Title: No Road Home
Author: John Fram
Publication Date: July 23, 2024 by Atria Books
Genres: Horror
Protagonist Gender: Male
No Road Home was a dark, creepy, atmospheric work of supernatural-laced horror with enough hate-worthy characters to carry the weight of reader anger, and just enough tolerable characters to do the same for reader sympathy. For the most part, this was a solid 5-star read, one that kept me reading late into the night. It captured my imagination, played upon my emotions, and triggered my intellectual curiosity.
I picked this up knowing nothing about John Fram, but the blurb sounded almost as if the book were written for me - a young father, his queer son, and a murdered televangelist, complete with family's dangerous, a freak storm, and a spectral figure in a black suit - but I feel like it went even deeper than that. I was already prepared to loathe the Wright family, but their brutal hypocrisy and petty infighting added an element of glee to watching their house come tumbling down. They're such a melodramatic group, like a family from a gothic soap opera, and the house is a suitably creepy maze of forbidden wings and locked doors. Add in the threats scrawled in blood-red lettering, the torn-up mysterious notes, and the conveniently interrupted would-be-confessions, and this is a book to keep you guessing and engaged.

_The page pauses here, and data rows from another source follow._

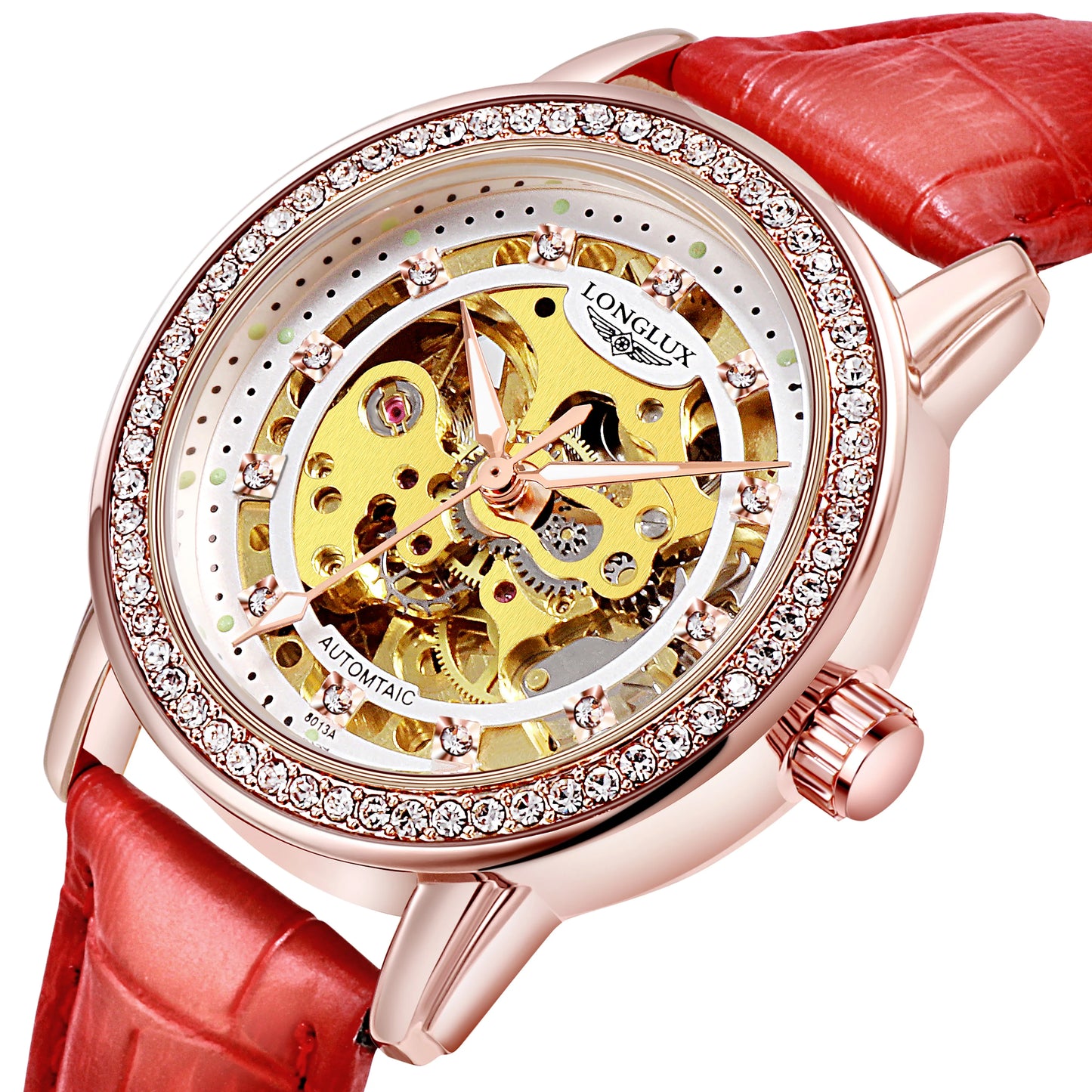 Automatic Diamond Skeleton Cute Mechanical Leather Watches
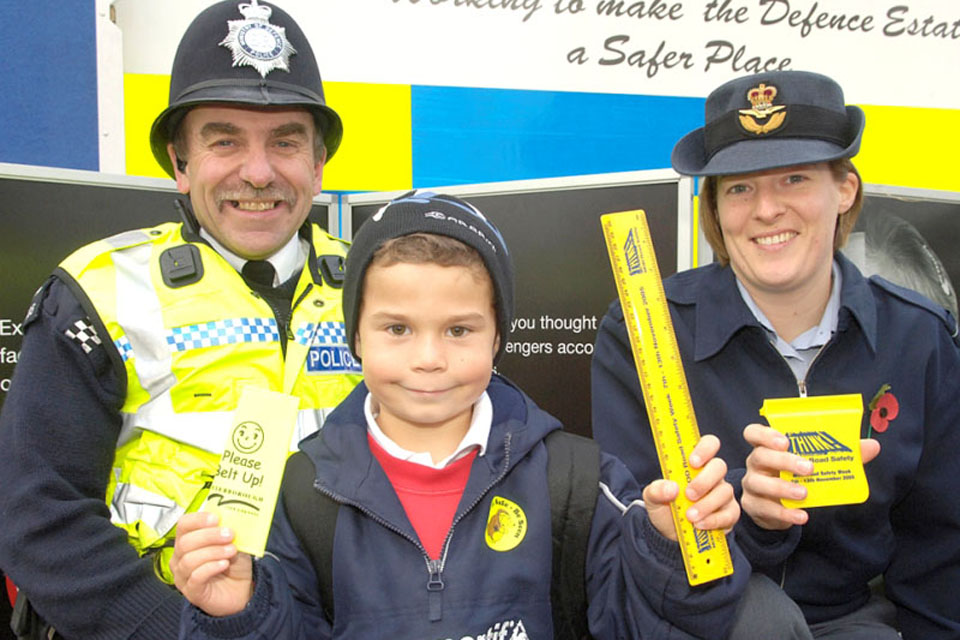 PC Colin Everett helps get the road safety message across at RAF Wittering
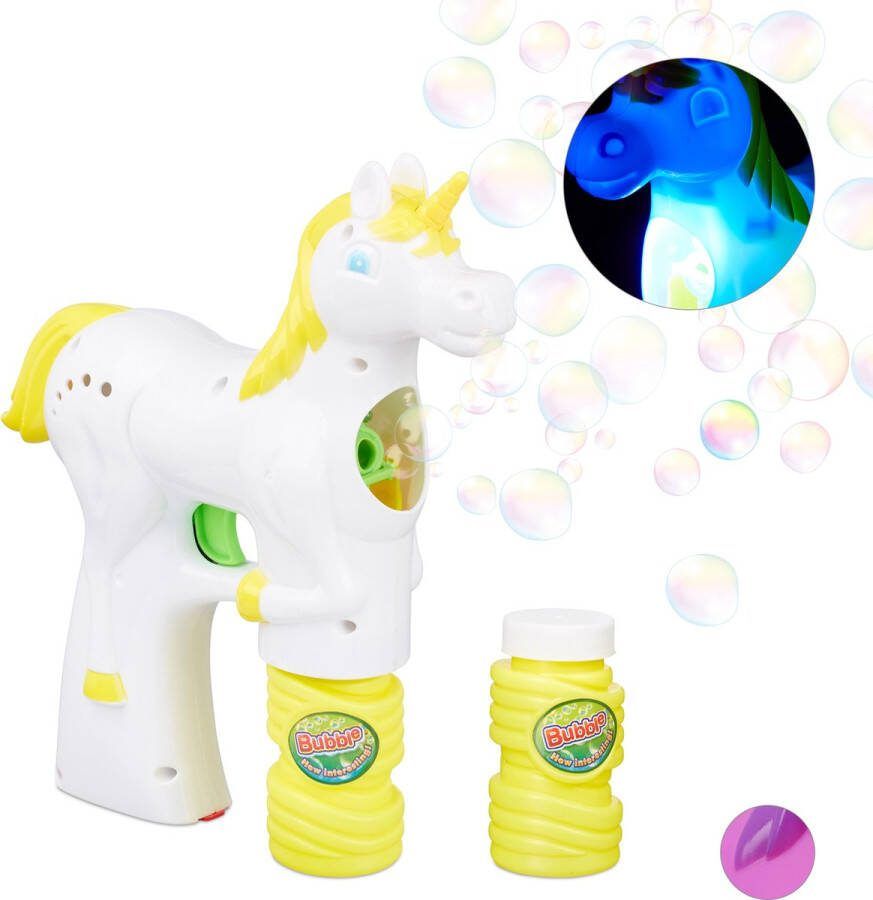 Relaxdays bellenblaas pistool eenhoorn LED bellenblaasmachine batterijen unicorn wit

So why just a 5-star read for the most part? The climax goes on for far too long, dragging out what should have been a tight, powerful, confrontational finale. After being a single-POV story for 85% of the read, it suddenly leaps into multiple POVs, with their narratives overlapping, to show every single part of the resolution when some would have been fine left to tell. Finally, after a prolonged (sometimes tiresome) theme of locked doors and repressed memories, we find out our narrator isn't as reliable as he seems, and the big secret/spoiler feels like a cheat, given he knew it all along.
One thing I will say for the story is that it avoids the tendency toward children who turn out to be special in some way, supernaturally destined to save the day. At the same time, it gives Luca enough personality to make him and his queerness more than just a plot device, although I wish we'd gotten to see more of him prior to the climax. No Road Home was a really good read that could have been great, but that's a comment, not a complaint.
Rating: ♀ ♀ ♀ ♀
My sincere thanks to the publisher for sending me an ARC in exchange for an honest review.